- Born: Rwanda
- Citizenship: Rwanda
- Education: Birmingham City University (Bachelor of Arts in Accounting and Finance) University of Salford Master of Science in International Banking and Finance Association of Chartered Certified Accountants (Chartered Certified Accountant) Institute of Certified Public Accountants of Rwanda (Member of ICPA Rwanda)
- Occupations: Accountant, Corporate Executive
- Years active: 2007 - Present
- Known for: Professional competence
- Title: Chief Financial Officer at BK Group, Kigali, Rwanda

= Nathalie Mpaka =

Rwandan accountant

Nathalie Mpaka, is an accountant and corporate executive at BK Group Plc (formerly Bank of Kigali), the largest commercial bank in Rwanda. She is the chief financial officer at BK Group.

==Education==
Mpaka has a Bachelor of Arts degree in Accounting and Finance, obtained from the Birmingham City University, in Birmingham, United Kingdom, in 2006. She is also a Chartered Certified Accountant, recognized by the Association of Chartered Certified Accountants (ACCA), of the United Kingdom. She also holds a Master of Science in International Banking and Finance, from the University of Salford in the United Kingdom. In addition, she is a member of the Institute of Certified Public Accountants in Rwanda (ICPAR).

==Career==
While still an undergraduate between 2004 and 2006, she worked as an Assistant Management Accountant at Parkwood Leisure Limited, a company based in Worcester, England, approximately 50 km, southwest of the city of Birmingham. She was then hired as a Chartered Certified Accountant, by White Stuff Clothing, a chain of over 115 clothing stores in the United Kingdom, working there for five years from 2007 until 2012.

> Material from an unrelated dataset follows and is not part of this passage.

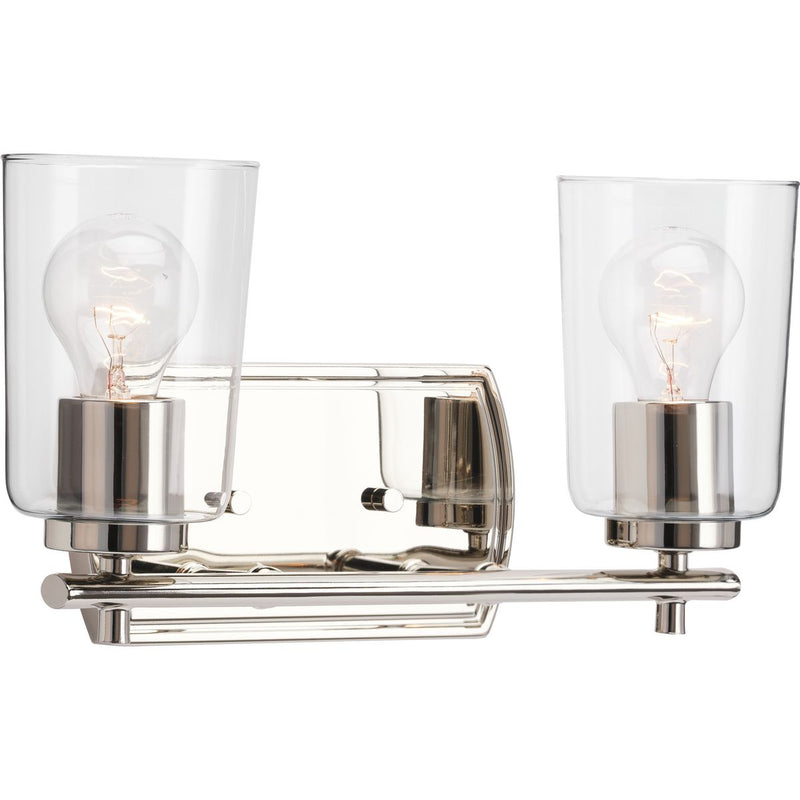 Progress P300155-104 Adley Collection Two-Light Polished Nickel Clear Glass New Traditional Bath Vanity Light Main Image.jpg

In 2012, she relocated to Rwanda and was hired by the Bank of Kigali as a Financial Reporting Manager, working there for two years. In December 2014, she was promoted to Chief Financial Officer, a position she still occupies as of March 2019.

==Other considerations==
She is a member of the board of directors at Bank of Kigali General Insurance, a subsidiary of BK Group Plc. She concurrently serves as a member of the senior management team at the bank. She is also a member of Governing Council at the Institute of Certified Public Accountants of Rwanda.